Las primeras medidas excepcionales estuvieron directamente encaminadas a controlar a la oposición. Se creó el Ejército Rojo sobre la base de la revolucionaria Guardia Roja para hacer frente a las tropas «blancas» levantadas por todo el país; en marzo de 1918 se cambió la denominación del Partido bolchevique por la de Partido Comunista, al que se dotó de una organización centralizada y de amplios recursos económicos; en junio fueron expulsados los social-revolucionarios y mencheviques de todos los soviets; meses antes se había creado una policía política (la Checa, cuya denominación oficial era «Comisión extraordinaria pan-rusa de lucha contra la contrarrevolución, la especulación y el sabotaje») destinada a perseguir toda oposición; se abolló la libertad de prensa, se restableció la pena de muerte, se habilitaron campos de trabajo para los disidentes políticos y, en una decisión discutida y oscura, se asesinó al último zar Nicolás II y a toda su familia.
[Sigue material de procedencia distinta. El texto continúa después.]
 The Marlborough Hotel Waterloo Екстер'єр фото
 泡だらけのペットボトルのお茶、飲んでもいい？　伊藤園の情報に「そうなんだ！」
Todo ello sirvió de poco, por de pronto, para poner orden en la desastrosa situación del país, seriamente agravada en el verano de 1918. Los social-revolucionarios, en contacto con los cosacos rebeldes, formaron un gobierno propio en Samara y en julio intentaron un golpe de Estado en Moscú, convertido en capital de Rusia desde marzo; por todo el país renació la antigua práctica del terrorismo individual (en agosto Lenin sufrió graves heridas en un atentado y fueron asesinados algunos dirigentes bolcheviques), pero lo más relevante fue el agravamiento de la guerra civil a partir de noviembre, debido a la intervención de tropas de 14 países (británicas, francesas, rumanas, checas, norteamericanas, japonesas, etc.) en apoyo de los ejércitos de rusos «blancos». A finales de 1918 el gobierno de Lenin en realidad sólo controlaba la antigua provincia de Moscovia y el valle del Volga.